China 2019 – Day 18, Sunday, 4th August

Last night I awoke to a banging and scratching at my door. I’ve seen enough horror films to know that I should only tentatively open my door – but there was Hotpot, who let herself in and slept on my floor for the night! Think I have got a friend! Not sure I can fit her in my luggage though, or that our cat would approve!

After a day of rest yesterday, today is a day of training and Mandarin revision.

The morning’s training was spent refining the open hand Chen form, which Master Ping has assured me that I will finish before leaving in 10 days. Then will come the lifetime of refining!

In a very hot and humid afternoon after an hour of more push hands training it was onto the broadsword, which I was very pleased to complete! It’s a physically demanding but very dynamic and fun form to perform!

We had a good dinner (as always) and it’s really nice that the school is small and nationalities mixed!

As well as lots of Chinese of course, I have met quite a few people of different nationalities here in the last two and a half weeks and after finding out name and tai chi background, the next obvious question people ask me is where I am from, often closely followed by, “So what do you think of Brexit?”

Regardless of what I think of Brexit (I think you can probably guess if you know me or my Danish girlfriend), it is clear that people I have met from other countries are a little perplexed as to what is happening in the UK. Especially when you then explain to them that as well as everything else, the country now has a leader who was essentially not voted for by the general population.

I generally avoid political discussions. I have my views and beliefs and I am grateful to live in a country where we can all have our own personal belief system, whatever it may be – as long as it’s not harming anyone else.

However, we do seem to be going through turbulent times at the moment – as do many other countries’ political systems. In fact, it often seems like the world is going a little crazy!

So, what’s this all got to do with tai chi?

Well, everything, actually.

First of all, there is actually a difference between Tai Chi and Tai Chi Chuan.

Tai Chi Chuan is the martial art/health practice that we all know and love.

The concept of Tai Chi is slightly different. It literally means ‘Supreme Ultimate’ and what we refer to in the West most commonly as the yin/yang symbol, is actually the Taijitu. The black and white circle, each side with the essence or seed of it’s opposite.

This is the symbol representing Tai Chi.

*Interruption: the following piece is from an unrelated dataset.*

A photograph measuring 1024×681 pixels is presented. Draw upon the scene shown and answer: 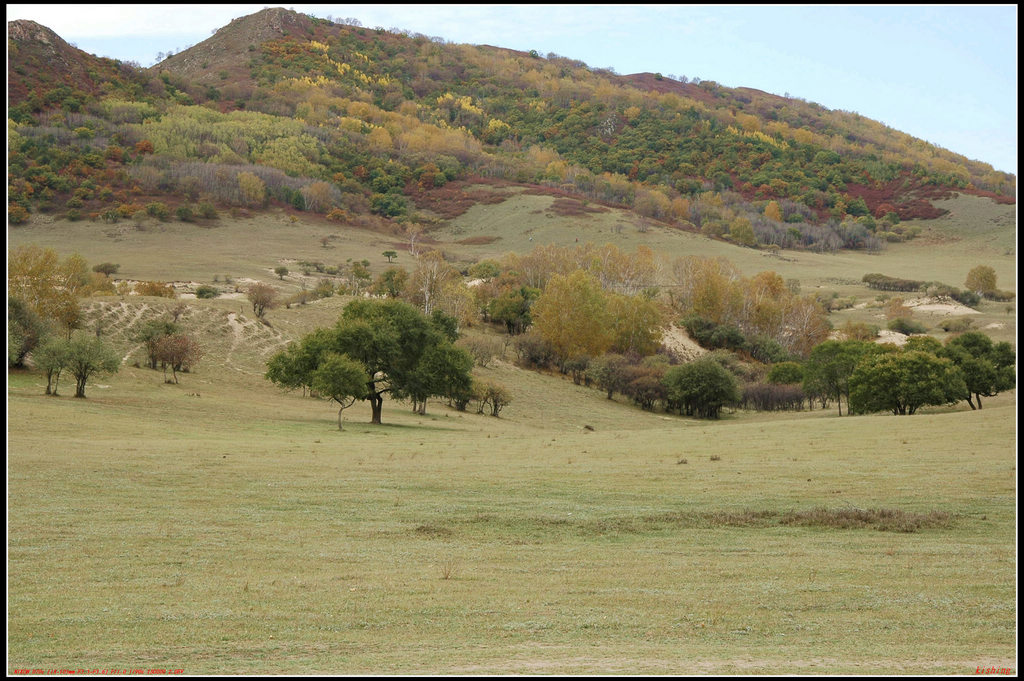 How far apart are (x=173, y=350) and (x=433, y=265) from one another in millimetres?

The perfect harmony, unlimited potential, oneness, and duality which lies within all phenomena.

It symbolises the polar opposites of everything that exists, as well as their reliance upon one another. Without light there can be no dark, without female no male, without good there is no concept of bad, up defines down, happy and sad…the list goes on in perpetuity.

It also shows that when there is an excess of one side, it simply turns into its opposite – when there is an abundance of dark, it starts the light. Just as night turns into day, when we have an excess of one phenomenon, natural forces will course correct and bring balance, over and over again. It has been happening since the beginning of time.

Bring it back down to politics…we swing from left to right and back again, like a political pendulum.

What we need to find is the balance.

And it starts with us, as individuals.

At the end of the day, we can’t all be politicians and change the world from a position of political power.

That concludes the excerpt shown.